REQUIREMENT:
Each record needs to be echoed exactly; can you do that?

Data entries:
'''
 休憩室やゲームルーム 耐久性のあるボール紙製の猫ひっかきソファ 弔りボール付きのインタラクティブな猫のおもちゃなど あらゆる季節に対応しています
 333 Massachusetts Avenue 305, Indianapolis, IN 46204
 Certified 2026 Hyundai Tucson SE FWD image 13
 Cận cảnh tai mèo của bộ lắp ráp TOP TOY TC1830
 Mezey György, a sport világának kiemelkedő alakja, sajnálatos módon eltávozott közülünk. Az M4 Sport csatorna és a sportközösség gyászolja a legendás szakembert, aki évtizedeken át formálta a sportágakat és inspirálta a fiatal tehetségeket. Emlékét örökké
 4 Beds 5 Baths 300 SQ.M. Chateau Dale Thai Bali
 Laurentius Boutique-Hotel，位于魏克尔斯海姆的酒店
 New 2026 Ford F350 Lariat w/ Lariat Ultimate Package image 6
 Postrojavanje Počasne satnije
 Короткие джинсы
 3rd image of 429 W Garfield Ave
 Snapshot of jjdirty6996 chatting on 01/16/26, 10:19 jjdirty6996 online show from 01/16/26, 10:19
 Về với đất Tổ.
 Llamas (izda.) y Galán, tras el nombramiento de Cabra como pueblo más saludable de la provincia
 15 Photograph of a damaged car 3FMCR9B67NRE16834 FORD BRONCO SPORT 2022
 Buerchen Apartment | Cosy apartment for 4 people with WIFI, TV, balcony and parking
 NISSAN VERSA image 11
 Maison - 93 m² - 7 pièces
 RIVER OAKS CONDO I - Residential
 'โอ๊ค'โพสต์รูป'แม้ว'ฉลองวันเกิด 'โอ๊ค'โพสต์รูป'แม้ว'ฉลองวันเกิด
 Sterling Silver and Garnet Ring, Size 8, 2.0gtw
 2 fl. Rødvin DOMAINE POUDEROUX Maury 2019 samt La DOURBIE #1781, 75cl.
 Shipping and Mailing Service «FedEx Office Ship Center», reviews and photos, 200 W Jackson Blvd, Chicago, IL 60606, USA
'''
ANSWER TO THE PROBLEM:
 休憩室やゲームルーム 耐久性のあるボール紙製の猫ひっかきソファ 弔りボール付きのインタラクティブな猫のおもちゃなど あらゆる季節に対応しています
 333 Massachusetts Avenue 305, Indianapolis, IN 46204
 Certified 2026 Hyundai Tucson SE FWD image 13
 Cận cảnh tai mèo của bộ lắp ráp TOP TOY TC1830
 Mezey György, a sport világának kiemelkedő alakja, sajnálatos módon eltávozott közülünk. Az M4 Sport csatorna és a sportközösség gyászolja a legendás szakembert, aki évtizedeken át formálta a sportágakat és inspirálta a fiatal tehetségeket. Emlékét örökké
 4 Beds 5 Baths 300 SQ.M. Chateau Dale Thai Bali
 Laurentius Boutique-Hotel，位于魏克尔斯海姆的酒店
 New 2026 Ford F350 Lariat w/ Lariat Ultimate Package image 6
 Postrojavanje Počasne satnije
 Короткие джинсы
 3rd image of 429 W Garfield Ave
 Snapshot of jjdirty6996 chatting on 01/16/26, 10:19 jjdirty6996 online show from 01/16/26, 10:19
 Về với đất Tổ.
 Llamas (izda.) y Galán, tras el nombramiento de Cabra como pueblo más saludable de la provincia
 15 Photograph of a damaged car 3FMCR9B67NRE16834 FORD BRONCO SPORT 2022
 Buerchen Apartment | Cosy apartment for 4 people with WIFI, TV, balcony and parking
 NISSAN VERSA image 11
 Maison - 93 m² - 7 pièces
 RIVER OAKS CONDO I - Residential
 'โอ๊ค'โพสต์รูป'แม้ว'ฉลองวันเกิด 'โอ๊ค'โพสต์รูป'แม้ว'ฉลองวันเกิด
 Sterling Silver and Garnet Ring, Size 8, 2.0gtw
 2 fl. Rødvin DOMAINE POUDEROUX Maury 2019 samt La DOURBIE #1781, 75cl.
 Shipping and Mailing Service «FedEx Office Ship Center», reviews and photos, 200 W Jackson Blvd, Chicago, IL 60606, USA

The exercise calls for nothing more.